Keine Entspannung in der Ägäis

Auf dem Höhepunkt der Flüchtlingskrise im Jahr 2015 waren Hunderttausende, in Schlauchboote gepfercht, auf einer der Ägäisinseln gelandet. Die Landgrenze, am östlichsten Zipfel Griechenlands, spielte damals eine Nebenrolle. Sie galt als so gut wie unbezwingbar. Einige Grenzabschnitte sind vermint, und auf beiden Seiten standen sich schwerbewaffnete Soldaten und Grenzbeamte der verfeindeten Nato-Partner gegenüber. Bis Anfang 2013 wurde der Weg über den Evros hingegen als Hauptroute genutzt. Das änderte sich erst mit dem Bau eines Grenzzauns.

Was erklärt die jüngste Verlagerung auf den Fluchtrouten? Wer über den Evros watet, hat grössere Chancen, dass er sich nach einer Registrierung frei im EU-Land bewegen kann. Migranten, die hingegen über die Ägäis nach Griechenland gelangen, werden meist monatelang in völlig überbelegten Aufnahmelagern (Hot Spots) festgehalten. Das höchste griechische Verwaltungsgericht übte im April zwar Kritik an dieser Praxis.

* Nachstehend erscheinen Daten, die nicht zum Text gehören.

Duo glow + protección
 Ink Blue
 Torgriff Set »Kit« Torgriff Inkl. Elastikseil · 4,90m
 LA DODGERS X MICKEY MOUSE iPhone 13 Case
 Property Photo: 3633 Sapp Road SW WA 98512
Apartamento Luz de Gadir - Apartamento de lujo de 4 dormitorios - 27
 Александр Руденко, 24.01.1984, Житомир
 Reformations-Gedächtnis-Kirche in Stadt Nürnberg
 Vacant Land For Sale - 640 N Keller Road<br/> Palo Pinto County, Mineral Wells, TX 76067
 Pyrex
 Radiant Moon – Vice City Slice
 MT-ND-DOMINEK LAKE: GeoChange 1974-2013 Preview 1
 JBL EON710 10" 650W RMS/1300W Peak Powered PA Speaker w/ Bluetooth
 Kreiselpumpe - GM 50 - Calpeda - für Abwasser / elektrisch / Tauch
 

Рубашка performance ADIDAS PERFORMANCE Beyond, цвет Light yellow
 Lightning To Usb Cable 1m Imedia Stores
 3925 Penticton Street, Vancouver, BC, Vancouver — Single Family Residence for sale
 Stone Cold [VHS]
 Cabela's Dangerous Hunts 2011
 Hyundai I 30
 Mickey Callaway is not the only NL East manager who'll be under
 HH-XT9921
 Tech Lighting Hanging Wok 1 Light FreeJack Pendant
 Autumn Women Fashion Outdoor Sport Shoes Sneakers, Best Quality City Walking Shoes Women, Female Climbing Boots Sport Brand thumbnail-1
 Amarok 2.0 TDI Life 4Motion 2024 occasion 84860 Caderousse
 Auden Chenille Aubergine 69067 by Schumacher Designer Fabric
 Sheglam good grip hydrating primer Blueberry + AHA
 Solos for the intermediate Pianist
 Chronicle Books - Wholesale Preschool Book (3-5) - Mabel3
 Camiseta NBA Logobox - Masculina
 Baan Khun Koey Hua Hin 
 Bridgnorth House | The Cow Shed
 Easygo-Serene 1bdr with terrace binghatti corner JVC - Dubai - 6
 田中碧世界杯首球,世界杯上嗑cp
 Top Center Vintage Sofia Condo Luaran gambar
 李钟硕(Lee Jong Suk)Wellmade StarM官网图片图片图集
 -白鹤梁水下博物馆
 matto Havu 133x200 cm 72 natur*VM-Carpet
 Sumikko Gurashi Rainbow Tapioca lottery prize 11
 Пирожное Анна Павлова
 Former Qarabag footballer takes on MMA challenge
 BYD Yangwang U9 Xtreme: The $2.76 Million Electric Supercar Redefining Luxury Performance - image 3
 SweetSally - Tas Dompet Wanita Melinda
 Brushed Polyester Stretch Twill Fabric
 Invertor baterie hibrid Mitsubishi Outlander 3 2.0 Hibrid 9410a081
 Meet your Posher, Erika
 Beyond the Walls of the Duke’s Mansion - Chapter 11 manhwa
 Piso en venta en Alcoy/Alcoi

Die Bewegungsfreiheit der Schutzsuchenden dermassen einzuschränken, lasse sich nicht durch ein öffentliches Interesse rechtfertigen.

Doch wollen die griechischen Asylbehörden an dieser Regelung festhalten, da sonst an einem Grundpfeiler des EU-Türkei-Flüchtlingspakts von 2016 gerüttelt würde. Dieser sieht vor, dass Migranten belohnt werden sollen, die in der Türkei bleiben und sich von dort um das Recht zum Aufenthalt in der EU bemühen. Schutzsuchende, die es trotzdem auf eine der Ägäisinseln schaffen, sollen nach Prüfung ihres Asylantrags wieder in die Türkei zurückgeschickt werden. Dies ist allerdings nur in bescheidenem Umgang geschehen. Seit dem Inkrafttreten des Flüchtlingsabkommens schafften es von der Türkei rund 70 000 Migranten nach Griechenland. In die andere Richtung waren es weniger als 2000. Daher kommt die griechische Asylbürokratie nicht umhin, die Verlegung auf das Festland zu beschleunigen.

Wegschauen am Grenzfluss?

An Attraktivität gewonnen hat die Landroute zudem durch offenbar laschere Kontrollen. Griechische Behörden beschuldigen das Nachbarland, absichtlich wegzuschauen und dadurch die EU unter Druck zu setzen. Ankara fühlt sich verschaukelt, weil Brüssel wegen der Menschenrechtslage die Visaliberalisierung für Türken auf unbestimmte Zeit vertagt hat.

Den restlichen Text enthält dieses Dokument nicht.